The RBI’s MPC meeting took place amid challenging geopolitical circumstances and varying global energy costs. India’s economic expansion is reportedly affected by the ongoing conflict in West Asia, with global supply chains experiencing disruptions for over six consecutive weeks.
The inflation forecast for the first quarter is set at 4%, while the second quarter is projected at 4.4%. In the third quarter, price pressures are anticipated to increase to 5.2% before easing to 4.7% in the last quarter. The Governor cautioned that high energy and other commodity prices may affect growth this year, especially as rising imported crude oil prices could contribute to higher inflation.

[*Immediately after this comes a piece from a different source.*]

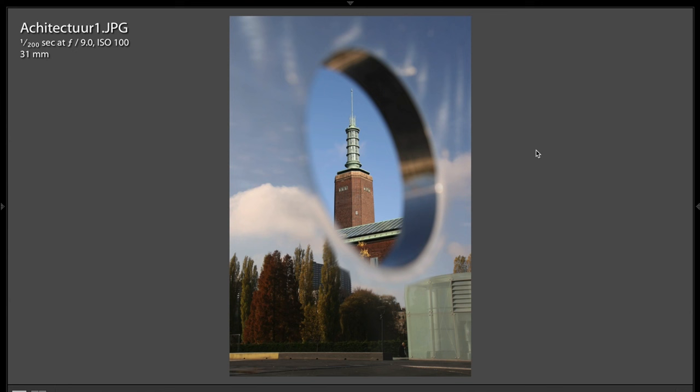Hey guys, this is Anthony Morganti from AnthonyMorganti.com, and this is episode 94 of Photocritiques. In Photocritiques, people send me in some of their best work, and I critique each shot with suggestions on how they can improve it.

The MPC observed that the severity and duration of the conflict in West Asia, along with the resulting destruction of energy and other infrastructure, pose risks to both inflation and growth projections.
Nonetheless, the foundational aspects of the Indian economy are in a stronger position, which equips it with a better ability to endure shocks compared to previous times. The economy is facing a supply shock. It is wise to monitor the evolving situation and the changing outlook for growth and inflation.
As a result, the MPC chose to maintain the current policy rate, while staying alert and carefully evaluating new data and the overall risk landscape. The MPC also opted to uphold its neutral posture, keeping the ability to respond wisely to emerging information. The next meeting of the MPC is scheduled for June 3 to 5, 2026.